Start of Input data

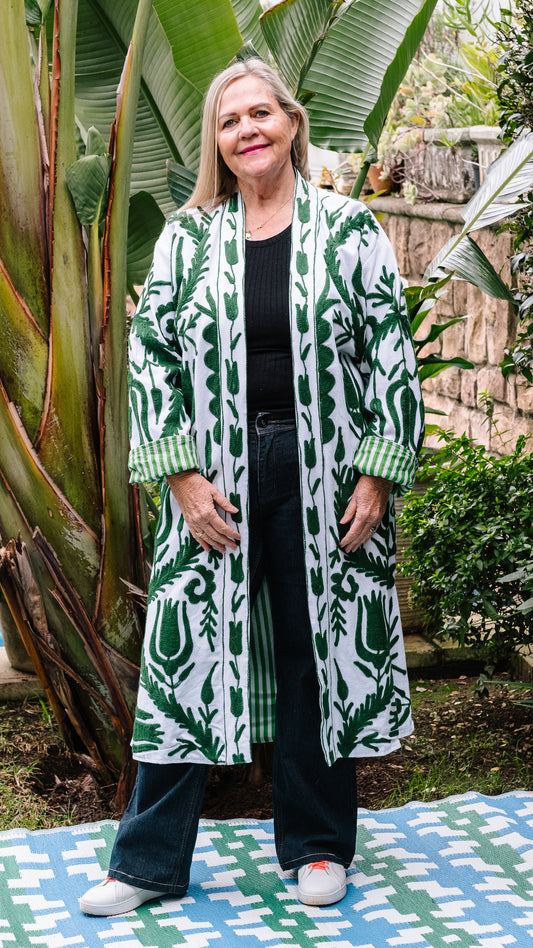 Long Suzani Jacket - White with Forest Green Embroidery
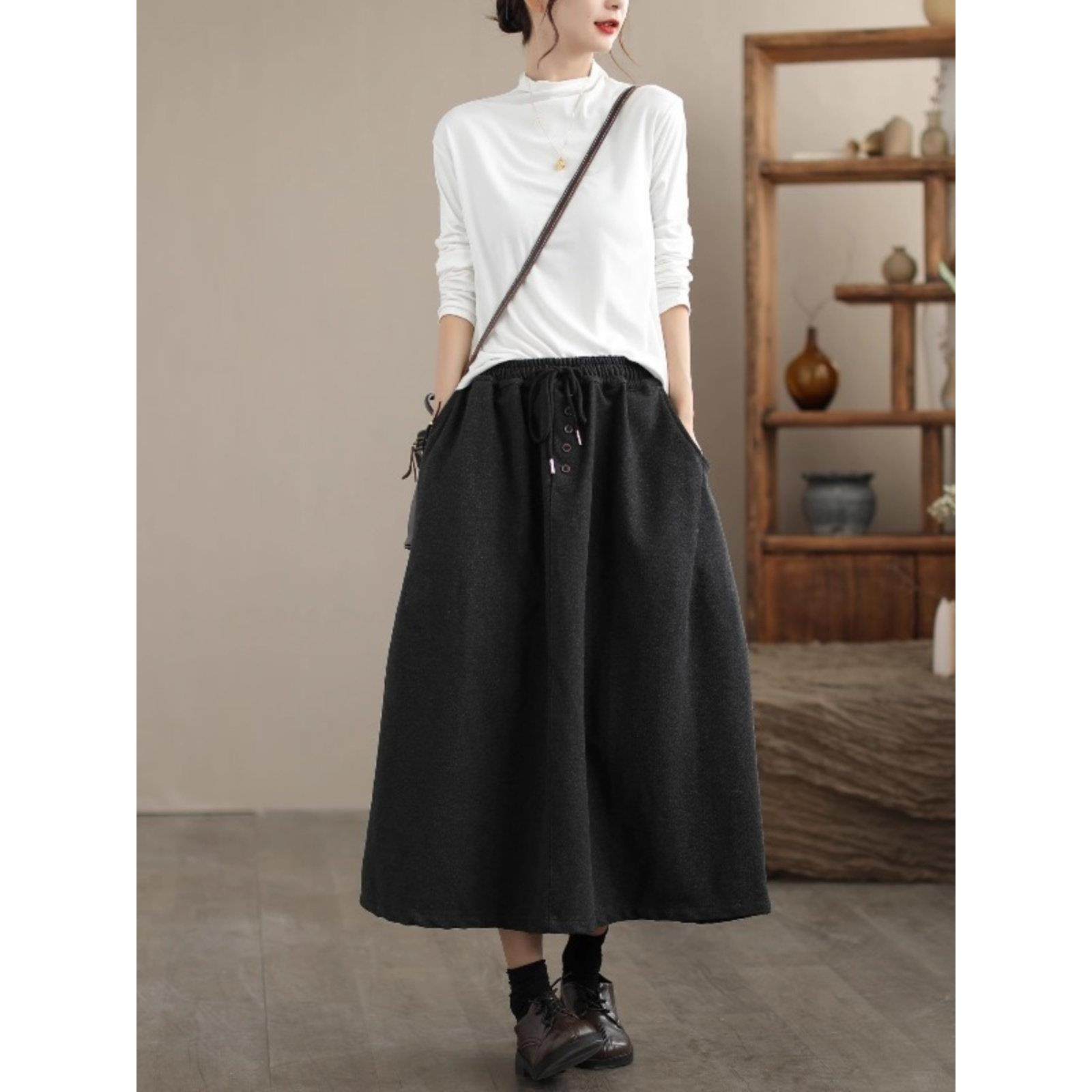 日系a字中长款半身裙女2025秋冬季新款高腰抽绳宽松显瘦伞裙,淘宝优惠券,粉丝福利购,淘宝优惠卷
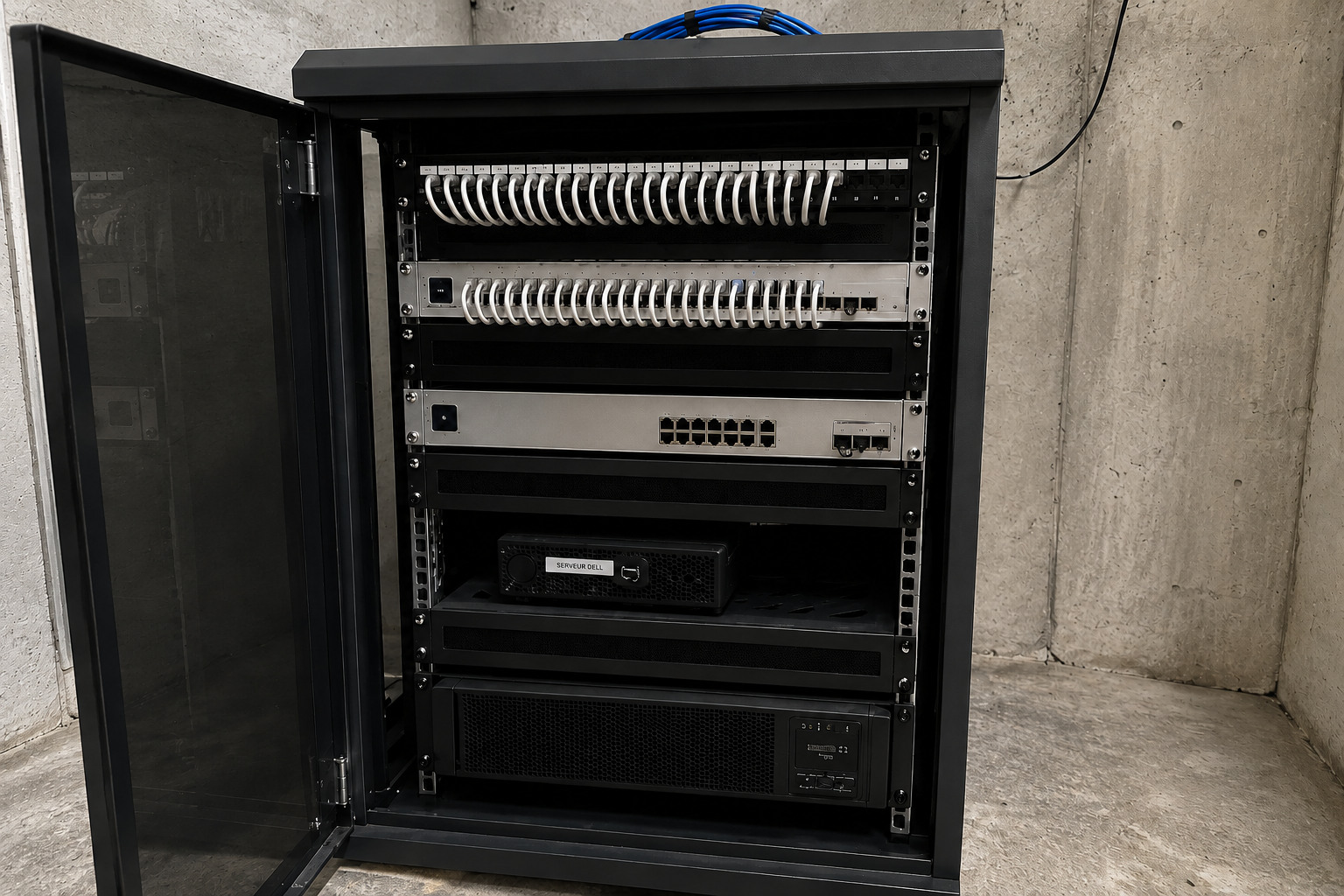 Baie informatique réorganisée avec serveur Dell et câblage réseau professionnel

End of Input data

◆ Exercise details ◆
Copy the listing exactly. Any image in it stays out of the copy.

◆ Reply to the task ◆
 Long Suzani Jacket - White with Forest Green Embroidery
 日系a字中长款半身裙女2025秋冬季新款高腰抽绳宽松显瘦伞裙,淘宝优惠券,粉丝福利购,淘宝优惠卷
 Baie informatique réorganisée avec serveur Dell et câblage réseau professionnel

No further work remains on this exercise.